Ingolstadt
Islam für Anfänger

13.04.2010 | Stand 03.12.2020, 4:06 Uhr

Ingolstadt (DK) Im Rahmen der 26. Kabaretttage kam ein Künstler nach Ingolstadt, der selbst mit seiner Familie eine der angesehensten Kabarettbühnen Deutschlands, "Die KäS" in Frankfurt, betreibt: Sinasi Dikmen. Mit seinem Programm "Islam für Anfänger" unterhielt der Türke das Publikum in der ausverkauften Neuen Welt aufs Interessanteste.

Gleich zu Beginn konfrontiert Dikmen die Zuhörer mit dem Zitat eines Kinderlieds: "C-A-F-F-E-E, trink nicht so viel Kaffee. Nicht für Kinder ist der Türkentrank, schwächt die Ner- ven, macht dich blass und krank. Sei doch kein Muselman, der das nicht lassen kann." Zum Abbau dieser und vor allem auch religiöser Vorurteile wünscht sich Sinasi Dikmen eine "große Glaubenskoalition" und ein "gemeinsames Brainstorming der Abrahamsreligionen" Islam, Christentum und Judentum. So lernt das Publikum die Säulen des Islam kennen, erfährt, dass "Ramadan statt Fitnesswahn" ein Fasten ohne Jojoeffekt, aber dafür mit nächtlichen Ausschweifungen ist und wie Religion als globale Wirtschaft funktionieren könnte.

Ist Gott Demokrat?

Sinasi Dikmen überlegt, worauf Gott steht und ob er Demokrat ist, weist auf Pharao Echnaton als Erfinder des Monotheismus hin und stellt fest, dass sich Nonnen, die zum Islam konvertieren, noch nicht mal groß umziehen müssten. Dikmen reflektiert satirisch und hinterfragt humorvoll die Auswirkungen der Religionen auf die Menschen, welche diesen angehören. So liest er verschiedene fiktive Briefe vor, unter anderem den einer Frau, die in ihrem Mann einen "anonymen Moslem" vermutet und den eines Mannes, der seine Frau und die drei Töchter zu unterwürfigen Musliminnen erziehen möchte.

Grönemeyer als Muezzin

Schließlich schlüpft er auch in die Rolle eines Predigers und verliest eine Hasspredigt, deren Inhalt sich als Text aus dem Alten Testament entpuppt und nicht, wie man aufgrund von Vorurteilen vermuten könnte, aus dem Koran. Sinasi Dikmen erzählt von islamverdächtigen Politikern und prominenten Überläufern: "Herbert Grönemeyer arbeitet anonym in Kreuzberg als Muezzin."

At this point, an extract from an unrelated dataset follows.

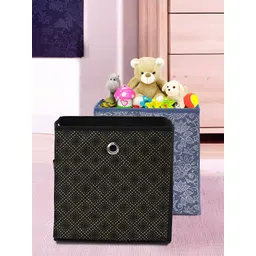 Kuber Industries Black & Navy Blue 2 Pieces Printed Foldable Multi-Utility Organisers-picture-37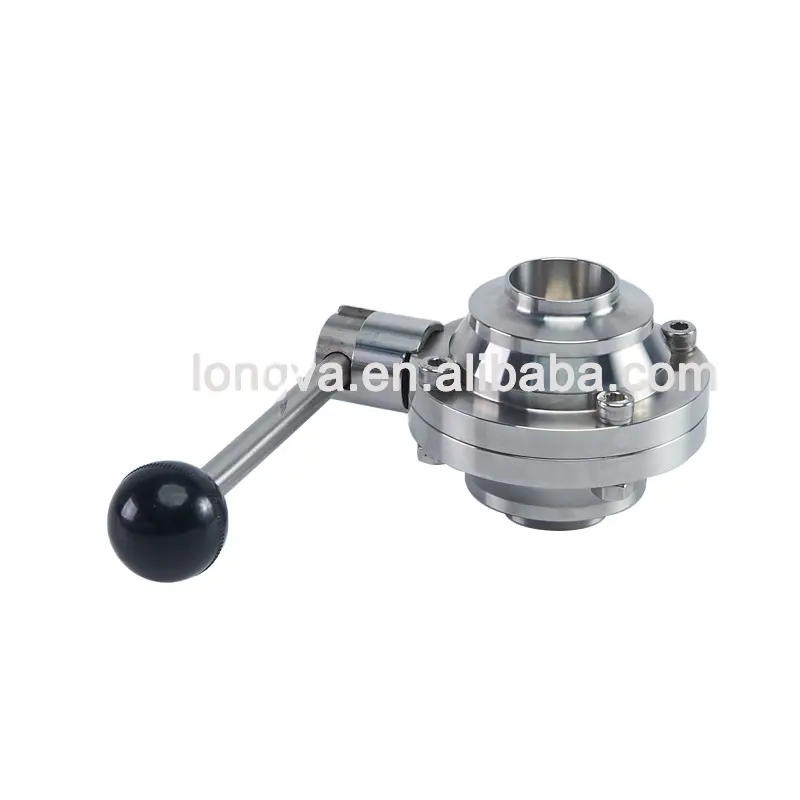 Sanitary Stainless steel butterfly type ball valve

Herrlich ist die Nummer, in der Dikmen seinen Neffen Mehmet ein multikulturelles Friedensfrühstück, quasi einen "Bewusstseins-Brunch" ausrichten lässt. Lebhaft schildert er die Diskussion über die Ethik von Lebensmitteln. Dikmen sieht die Aleviten als "Kuschelvariante der islamistischen Gruppierungen" und stellt fest, dass die Türken ja bereits 1529 und 1683 in Wien ihren EU-Beitrittsantrag persönlich vorgebracht hätten.

Sinasi Dikmen versteht sein Programm als kabarettistische Anleitung und bietet somit einen polemisch-informativen Abend mit vielen Lachern.